In 2000, more than 180 countries pledged their commitment to working towards the Millennium Development Goals (MDGs), a set of targets for global development to be completed by 2015. These included the eradication of world poverty and worldwide access to primary education. Whilst much progress has been made, several challenges remain. Only last year there were 58 million children across the globe missing out on basic education and a staggering 250 million children of primary school age still cannot read or write. There is still much to be done.

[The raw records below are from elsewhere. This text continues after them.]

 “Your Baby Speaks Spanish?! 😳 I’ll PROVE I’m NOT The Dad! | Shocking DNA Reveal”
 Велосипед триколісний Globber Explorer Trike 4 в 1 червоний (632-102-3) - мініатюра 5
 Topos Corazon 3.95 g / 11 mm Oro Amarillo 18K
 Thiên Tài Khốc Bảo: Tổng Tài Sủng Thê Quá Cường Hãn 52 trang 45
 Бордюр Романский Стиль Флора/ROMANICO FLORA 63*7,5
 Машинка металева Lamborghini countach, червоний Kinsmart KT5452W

In light of this, the recently approved Sustainable Development Goals – a result of the Rio+20 Conference held in Brazil in 2012 - are the newest building block upon the foundations established by the MDGs. Based upon the same underlying principles, they are a revitalised set of global targets to be achieved by 2030 which build upon the progress and challenges from the last 15 years. Within the 17 ambitious goals education plays a key role and APIE is encouraged to see a particular focus on the quality of education and to ensuring equal opportunities for all.
Quality education: key to achieving sustainability
The importance of high quality education cannot be overstated. Education reduces poverty, increases gender equality, supports economic growth and provides a strong framework for the long-term stability of developing countries and their international relations. This is why improving the quality of education across the globe remains such a key part of international development; the Sustainable Development Goals testify to this in Goal Four:
To ensure inclusive and equitable quality education and promote lifelong learning opportunities for all
For APIE, quality education is our main focus. In Rwanda, our project Umubano Primary School is the first stepping stone on the road to ensuring this goal is realised. By training teachers to deliver a dynamic education, students gain irreplaceable skills such as critical thinking and problem solving which ensure life-long learning. By providing practical placements for trainee teachers and in-house training for current staff, we ensure they are able to equip the next generation with the skills they need to thrive in a global world. Umubano Primary School is a microcosm of high quality education, for both teachers and students. As confidence grows in the practical, interactive and child-centered methods of teaching and learning, the positive effects will be disseminated more widely as teachers reach out to new schools and share their experiences and knowledge.
Inclusion, equity and opportunities for all
The Sustainable Development Goal on education breaks down into smaller targets with specific timelines. For example, Goal 4.2 aims to ensure that all children are prepared for primary school through a minimum of one year’s quality early childhood (nursery) education. Although this is still an emerging field in Rwanda, at Umubano Primary School there are 80 students falling into the early education bracket (under 5’s). Teachers are using interactive and child-centered learning to ensure these young children build a strong foundation for future learning. We will continue to develop this aspect of Umubano Primary School so we can lead the way in advocating the importance of life-long learning.
Another component of the overarching goal on education is ensuring equal access to education and vocational training for the most vulnerable, such as those with disabilities. With 1 in 3 children out of school because of disability, this is an incredibly important initiative to ensure equal opportunity for all. Umubano Primary is innovative in its infrastructure – it is fully equipped for disabled access and caters for several disabled students and those with special educational needs. While this is a relatively new in Rwandan schools, we are already seeing this model of inclusion being replicated beyond Umubano so that access for all children, regardless of background and circumstance, will continue to improve.
Sustainability : 2030 and beyond
As sustainability becomes the buzz word of the international development agenda, we are encouraged to see the global community taking stock of the importance of quality education in transforming lives. We hope that the learning from Umubano Primary School continues to be shared so that innovations from the inside out continue to impact on teacher training and school development more widely. Now that quality, inclusive education has a stronghold, we hope that those 58 million children out of school, and the 250 million who cannot read or write, will be the ones writing the next global agenda and making a positive impact on their world.